Que cosas. Entre Torrelodones colonia y Torrelodones pueblo debe de haber unos 4 km. Pues en ese trayecto a mi hijo adolescente, poseedor de un ciclomotor normalito, le piden la documentación la guardia civil y la policia municipal entre 5 y 6 veces alrededor de las 12 de la noche. Y en el pueblo, la policia municipal, cada vez que ve a un joven, le pide el dni y hasta casi le cachea. Mi hijo es un estudiante aplicado, aficionado a la escalada y el alpìnismo y afortunadamente sanisimo. Cuando van circulando, el solo o con sus amigos, por la via de servicio de la autopista les para la gc y despues de pedir la documentación les preguntan si llevan algo. Y les registran. Y si van en una furgoneta cargada con todo el material de escalada, les registran hasta los dientes. Esto sucede todos los dias y preferentemente los fines de semana. No hacen falta las cámaras o Sitel. La presión policial llamada preventiva es constante sobre los ciudadanos. Y aqui nadie hace nada mientras se recortan
(continuación del post anterior)
por casualidad, me llamó la atención una música, no sé, como de charanga melancólica de un circo recorriendo sin mucha fe las calles de un lugar medio abandonado, y la voz lenta y escarmentada del presentador. “Así es la vida”, creo que se llamaba el programa, y me hizo mucho más llevaderos, de verdad, los tres años que pasé en aquel pueblo. Como efecto secundario me quedó para siempre una desaforada simpatía por Ud. que se parece bastante al agradecimiento.
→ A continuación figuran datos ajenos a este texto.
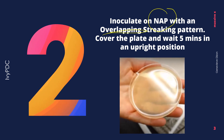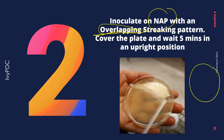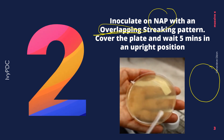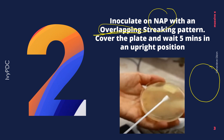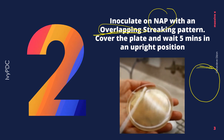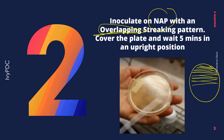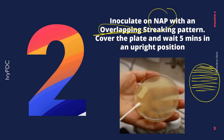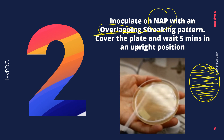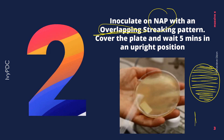The second step is the inoculation of the nutrient agar plate using your swab with an overlapping streaking pattern. To perform the overlapping streaking pattern, four streaks should be done in one petri dish. For the first streak, position your swab on the upper left-hand corner and then start moving from side to side in a zigzag manner, going all the way down, making sure that there are no spaces in between.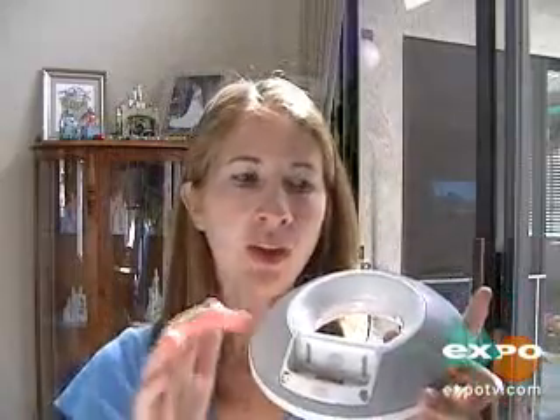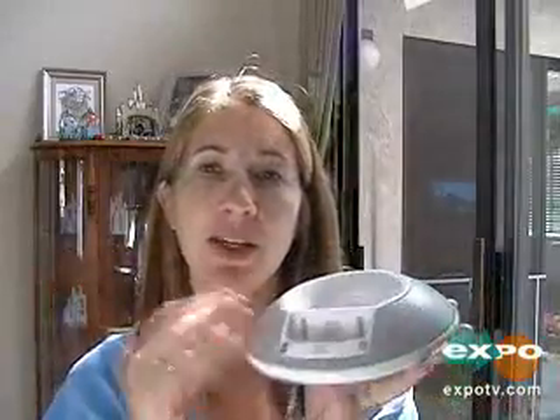You can buy this to play your iPod in your home. It's really cool shaped — it's a circle and a speaker. You clip your iPod right into this part right here.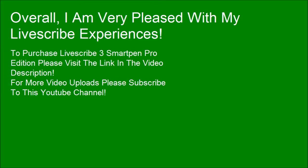Overall, I am very pleased with my LiveSquad experiences. To purchase the LiveSquad 3 smart pen pro edition, please visit the link in the video description. For more video uploads, please subscribe to this YouTube channel.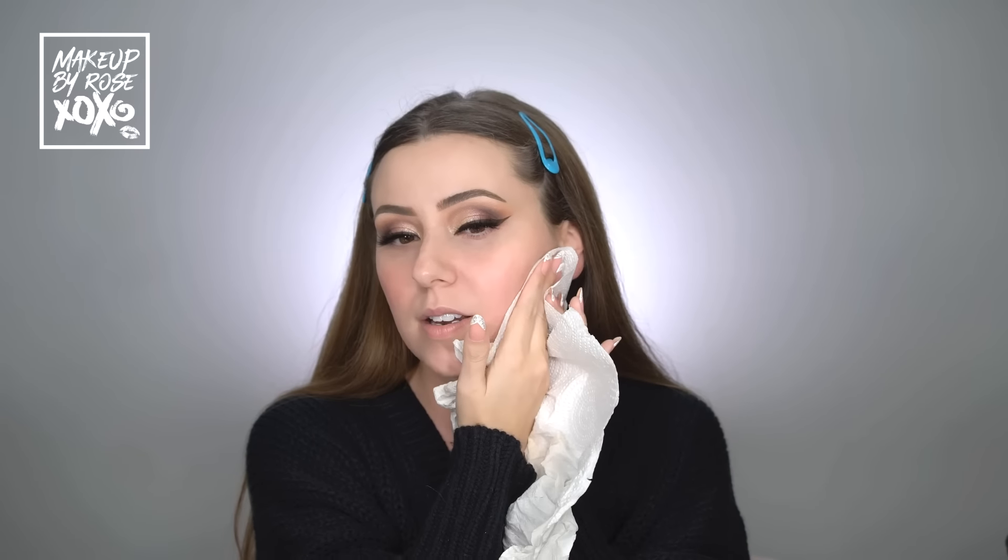Alright guys, let's go ahead and get started. My highlight and contour is not as heavy as it once was but it's still pretty glam, so we're going to be doing quite a few layers. The first thing I like to do is take a paper towel and press into my skin to make sure I don't have any excess skincare. I've already done my daytime skincare routine before this, so we're pressing and making sure we don't have any excess product so our foundation won't slide around.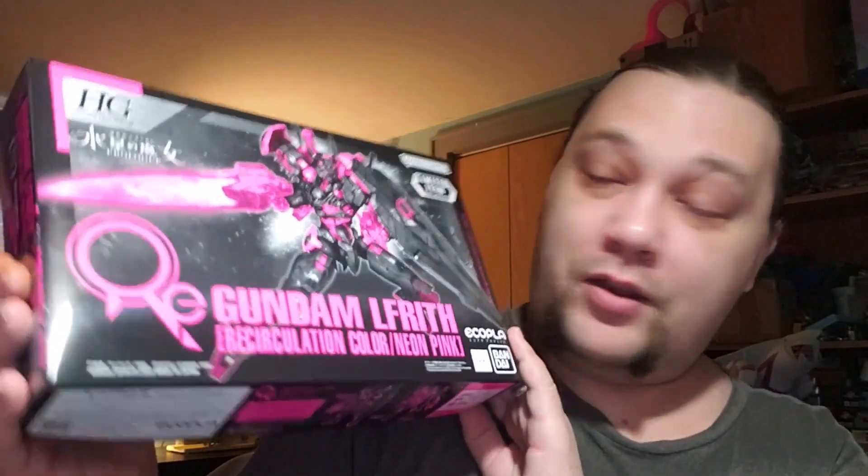Hello builders, parents, and collectors, welcome to the Creation Evaluation Station. On this episode of Mock and Model Monday, we are going to be evaluating the Gundam Lafrette — but this is a special edition one.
Joder, qué forma más rebuscada de dar las gracias me ha salido. Bueno, pues eso, don Andrés, Ud. disimule.
Y si al final resulta que no lee usted estas chorradillas que le escribimos aquí en el faldón del su artículo, bueno, pues nada: siempre queda el consuelo de que lo leerá Sitel, así que no todo habrá sido en vano (mire Ud. por dónde acabo de dar con el lado positivo de Sitel, así como quien no quiere la cosa: por lo menos hay alguien por ahí que me escucha…).
A mí lo que me fastidia, don Andrés, es que el Sitel ese eche por tierra todos mis esfuerzos por hacerme el interesante y parecer un tipo con un pasado movido que todavía tiene razones para temer a la Policía. Me entran sudores fríos solo de pensar que se descubra que soy un tipo gris que trabaja en un ministerio de 9 a 3, y que mi más violento tropiezo con la ley y el orden fue una multa que me pusieron en 1998 por pasarme tres minutos de lo que marcaba el papelito de la zona azul de aparcamiento.
Por eso me sumo con toda energía a su protesta, don Andrés. ¡La ilusión de ser alguien que tiene algo que ocultar es lo último que se pierde!
PD: ¿Lee Ud. a los pringadillos que escribimos comentarios aquí, don Andrés? Bueno, nada, sólo quería decirle, por si acaso lo lee, que de 1982 a 1985 aproximadamente trabajé en un pueblo remoto (en el tiempo y en el espacio), tan remoto que de las emisoras de radio sólo se oía –y no muy bien- Radio1, de RNE. Allí fue donde una tarde, por...
Hola Andrés, no se si leerás esto tu mismo, pero solo quería avisarte de un pequeño error.
En la última frase, de hecho, en la penúltima "El eterno debate entre (...) lo está perdiendo claramente la libertad" Querras decir que lo está perdiendo la intimidad. Sé que es un poco lioso, pero si perdemos intimidad, el debate (duelo sería mejor) lo pierde la intimidad.
Era solo eso, que después de estar totalmente de acuerdo contigo al final te contradices y ¡eso no puede ser!
Un saludo
Estimado Andrés aberasturi:
El artículo que expones está muy bien, para un periodista nobel, pero no en tu caso. El programa Sintel, puede sirva para que no se repita el drama nacional que fue el 11-M, donde, nuestros políticos, servicio secreto y policía, fallaron. En una democracia de bajo nivel, que es la nuestra en estos momentos, nos ponemos a discutir, en temas menores del problema. En España actúan 85 distintas mafias y seguimos teniendo células dormidas integristas. Guantánamo no es la decadencia de un país que nunca tuvo una dictadura. Andrés, no te pongas el abrigo de borrego y la guitarra, queremos escuchar y leer un enfoque de una noticia,de un periodista de culto.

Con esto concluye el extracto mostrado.